FAIRBANKS (AP) -- The Northwest Association of Schools and Colleges has renewed the University of Alaska Fairbanks' accreditation.
''We are very pleased with the report,'' said UAF Chancellor Marshall Lind. ''Through the process, we have learned a lot about our institution.''
The reaccreditation is the final step in a lengthy process that began more than two years ago.
As a condition of accreditation, the association's Commission on Colleges and Universities listed eight recommendations for the university, including six identified in the university's self-study report.
The commission said UAF has insufficient laboratory and office space for research and graduate programs.

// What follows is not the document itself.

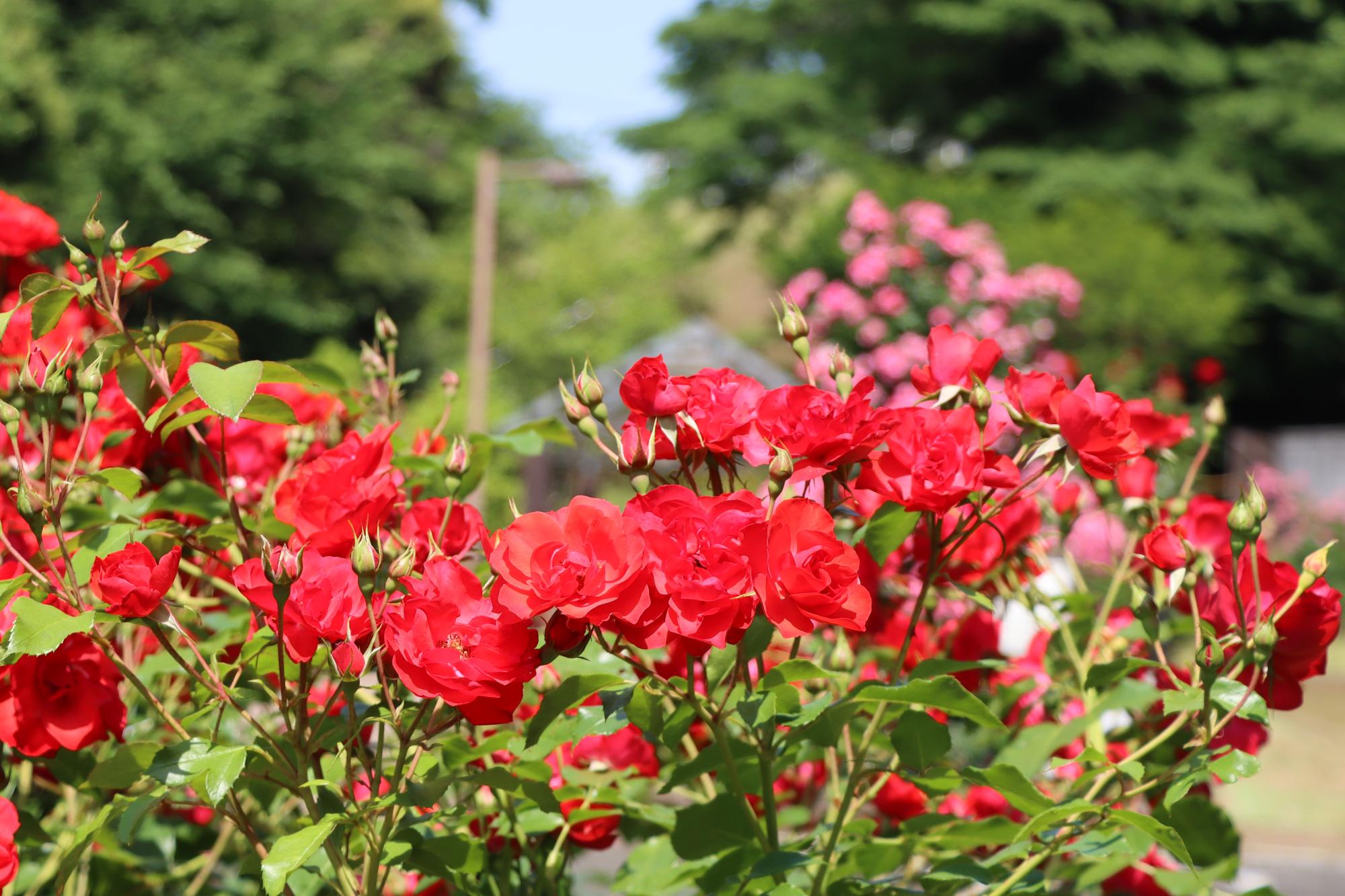城山公園花木園の春バラ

The commission said UAF has a growing problem with salary compression and that some newly hired employees are paid more than longtime employees in comparable positions. The commission also noted that salaries are below market level in several disciplines.

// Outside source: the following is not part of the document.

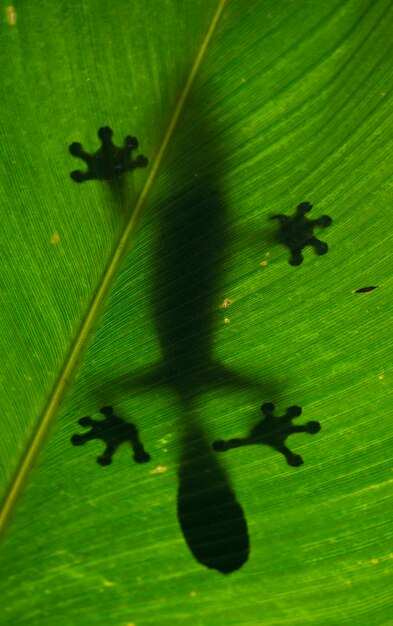 Le gecko à queue de feuille est assis sur une grande feuille verte. Madagascar.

The commission urged UAF to create handbooks for faculty and staff, store student records in a secure, fireproof location, integrate the College of Rural Alaska more fully into teaching, research and public service roles and revamp the appointment policy to consider recommendations from faculty, students and staff.
The commission also said the university should more clearly outline requirements for certificate programs and that all UAF programs should assess student learning with a test, a portfolio or perhaps a successfully completed internship.

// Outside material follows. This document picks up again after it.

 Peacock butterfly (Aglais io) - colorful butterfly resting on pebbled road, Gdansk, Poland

Along with the recommendations, the commission commended the university for its efforts to catch up on deferred maintenance projects as well as its use of assessments in core courses. It also complimented the university's planning processes and collaboration between departments and disciplines, as well as between the research and academic functions.
Lind said the accreditation, in addition to being a valuable process, makes UAF credits transferable to other universities and allows students to receive financial aid.